Tax Tip Thursday
Year End Tax Tips – Week 1: Smart Planning 2024
This week we are going to talk about some year end tips – this will be a 4 part series. There will be some great ideas so be sure to tune in for all 4 weeks!
Tax planning should be a year-round affair. But as year-end approaches, now is a particularly good time to review your personal finances and take advantage of any tax planning opportunities that may be available to you before the December 31st deadline.
As we enter the final weeks of 2024, here are some tax tips you may wish to consider for:
- Investors
- Home buyers and owners
- Families with students
- Family members with disabilities
- Individuals making gifts
- Individuals expecting changes to tax rates; and
- Business owners and employers.
Investors
Tax-gain selling to minimize the 2/3rds inclusion rate
As of June 25, 2024, the capital gains inclusion rate was increased to 66.67%.
Individuals and certain trusts (specifically, graduated rate estates and qualified disability trusts) are still entitled to the former 50% inclusion rate on the first $250,000 of capital gains annually.
The increase in the tax rate on capital gains over $250,000 is approximately 9 percentage points, depending on your province or territory of residence. You may, therefore wish to crystalize up to $250,000 of capital gains before year end, to take advantage of the lower 50% inclusion rate.
Crystallization for publicly traded shares is as easy as selling the position on the open market and immediately buying it back.

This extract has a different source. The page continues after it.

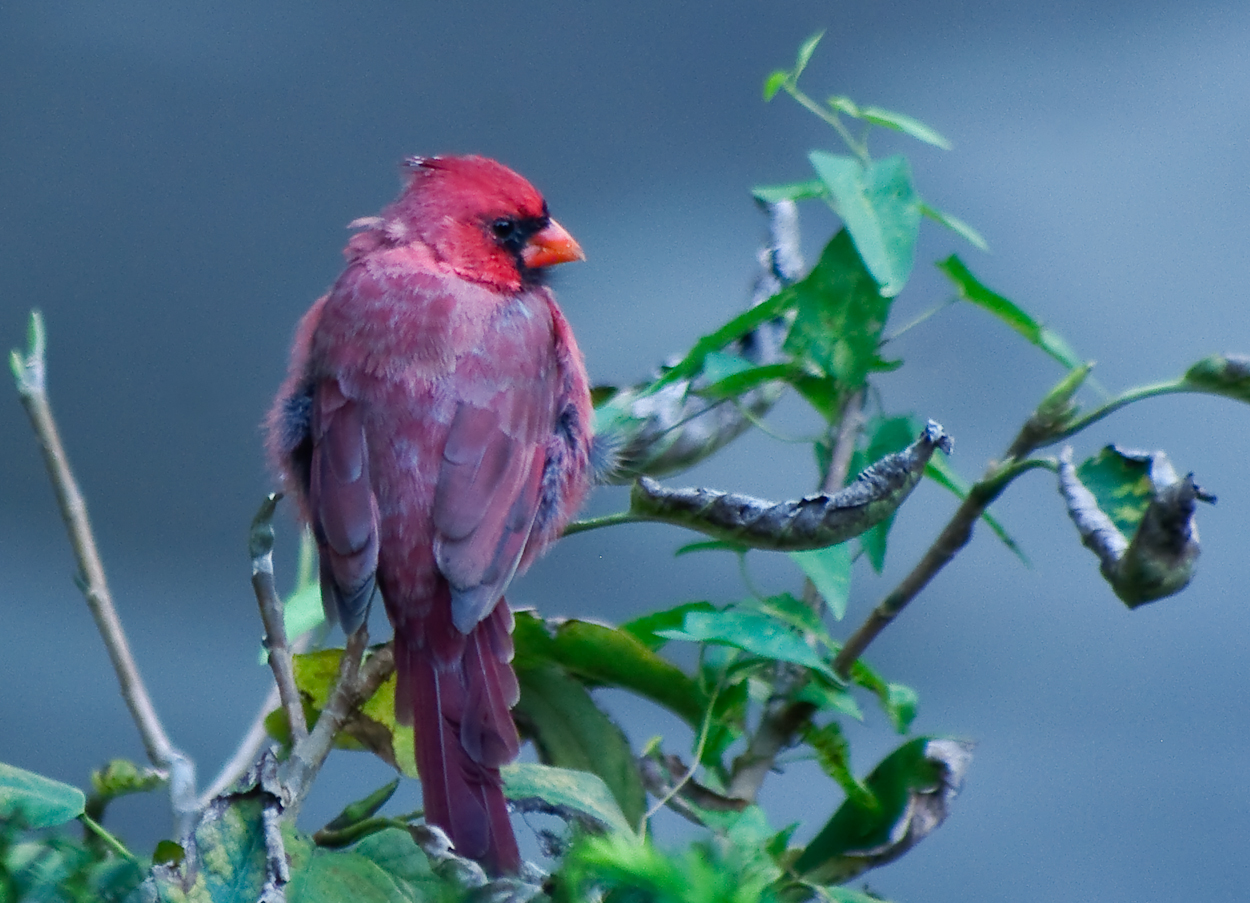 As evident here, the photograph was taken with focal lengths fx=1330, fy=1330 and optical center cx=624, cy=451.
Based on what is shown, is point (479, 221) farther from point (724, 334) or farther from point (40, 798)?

This is a key difference compared to tax loss selling (discussed below), generally done at year-end to realize capital losses that can then be applied against capital gains.
There’s no equivalent superficial gain rule that applies with tax-loss selling, meaning you don’t need to wait 30 days to buy back the stock on which you crystalized a capital gain.
When deciding whether to make this move, consider your expected rate of return and time horizon.
For example, if the tax that you don’t pay for 2024 was invested to earn 6% capital gains, compounded annually, it would take about eight years of tax-deferred growth, after-tax, to beat the tax savings attributable to the lower inclusion rate.
You should speak to your tax adviser for a full analysis before undertaking this strategy.
Tax-loss selling
Tax-loss selling involves selling investments in non-registered accounts with accrued losses at year end to offset capital gains realized elsewhere in your portfolio.
Any net capital losses that cannot be used currently may either be carried back three years or carried forward indefinitely to offset net capital gains in other years. In order for your loss to be immediately available for 2024 (or one of the prior three years), the settlement must take place in 2024. In 2024, settlement dates moved to T+1, meaning that for 2024, the trade date can be as late as December 30, 2024 to complete settlement by the Dec 31st year end.
If you purchased securities in a foreign currency, the gain or loss may be larger or smaller than you anticipated once you take the foreign exchange component into account.
If you plan to repurchase a security you sold at a loss, beware of the “superficial loss” rules that apply when you sell property for a loss and buy it back within 30 days before or after the sale date. Be very careful of the exchange rates. They can cause you a very large problem with the superficial losses.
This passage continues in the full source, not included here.